The charity said this was largely down to the closure of most of its properties, including shops, cafes and holiday cottages, and all its events being cancelled.

This resulted in the number of visits to its sites halving from 2019/20 to 13.6 million.

Total expenditure also fell by £188m year on year as the charity tried to mitigate its lost trading activity with measures such as furloughing up to 81 per cent of its staff.

In October, the trust announced that it would make about 1,300 people redundant as it looked to make savings of £100m, but its latest accounts show 1,767 lost their jobs, leaving it with almost 7,600 staff. 

Despite a challenging year, the charity received its biggest-ever donation in May in the form of a £4m gift from the bank HSBC UK

It also generated £79m in fundraising, including £44.6m from gifts in wills.

The trust’s accounts show a 383 per cent increase in online donations totalling £865,000, and it said August last year “broke records” when its holiday cottages were almost entirely full and its sales through its online shop increased by 65.6 per cent.

Its conservation efforts continued throughout the pandemic with £83.8m spent on houses, collections and gardens. 

The charity has been under fire since last year when it published a report researching its properties’ links to slavery, despite the Charity Commission later telling Third Sector it had received just three complaints about the charity’s work or purpose.

It sparked fierce debate on social media about the charity’s work and caused the commission to open a compliance case into the trust, which later found no breach of charity law

Many social media users, and some Conservative MPs, suggested the report would result in falling membership numbers. But its latest accounts show the charity retained 84.2 per cent of its membership – about one percentage point down on the equivalent rate in the previous year. 

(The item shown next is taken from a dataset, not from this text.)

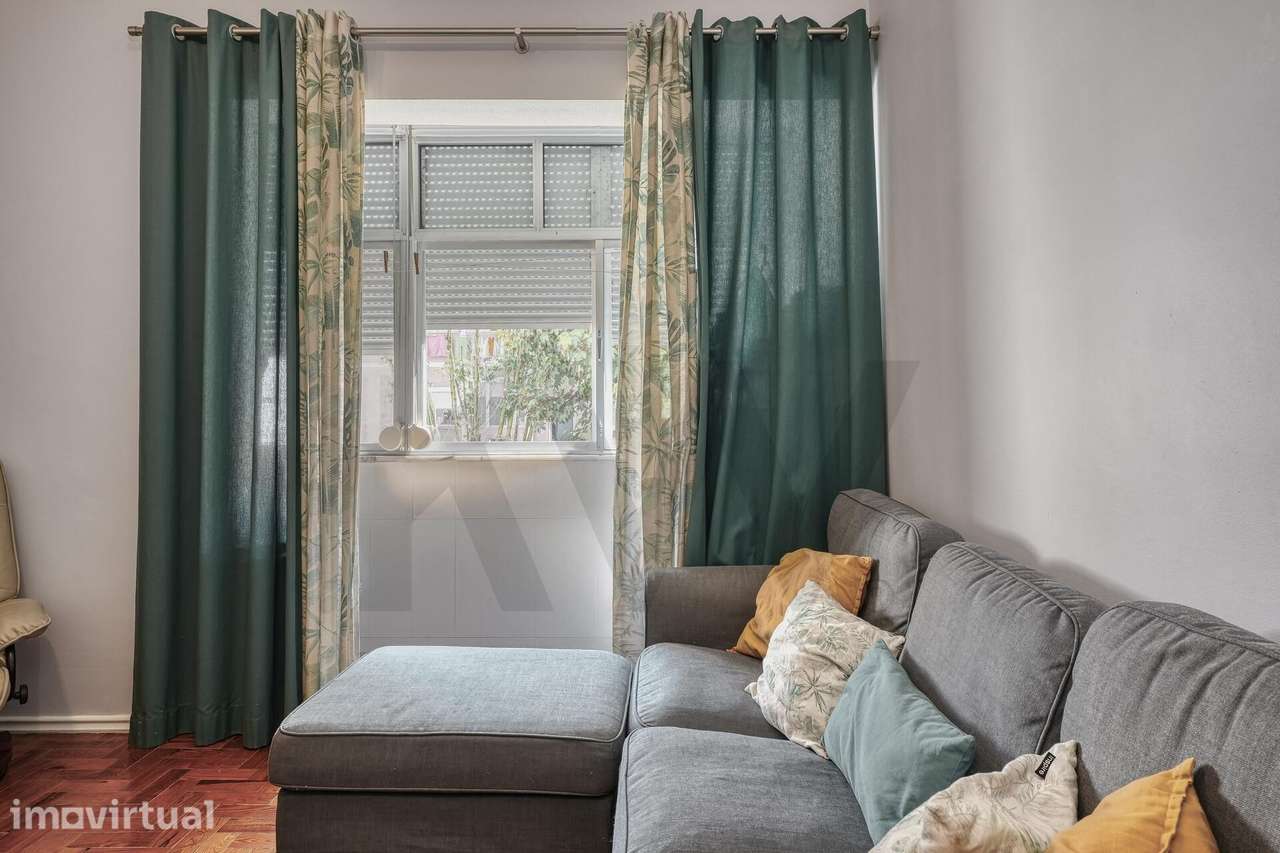 Apartamento T2 (Original T3) I Agualva-Cacém - Sintra - Grande imagem: 3/29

Overall, the charity said its membership fell by about half a million people to about 5.5 million, in part because it was unable to recruit members at its properties. This meant the number of new members fell by more than 60 per cent from the previous year.

Since April this year, the charity said its membership had been growing again at a rate of about 105,000 new members every month.

Hilary McGrady, director-general of the National Trust, said: “Our supporters have really stuck by us, whether that is staying with us as members or offering record-breaking online donations, and for that I am so grateful.

“Now that most of our places have reopened and we’re recovering from the pandemic, the early signs are hugely encouraging. 

“But as a charity we will feel the financial repercussions for some years to come.”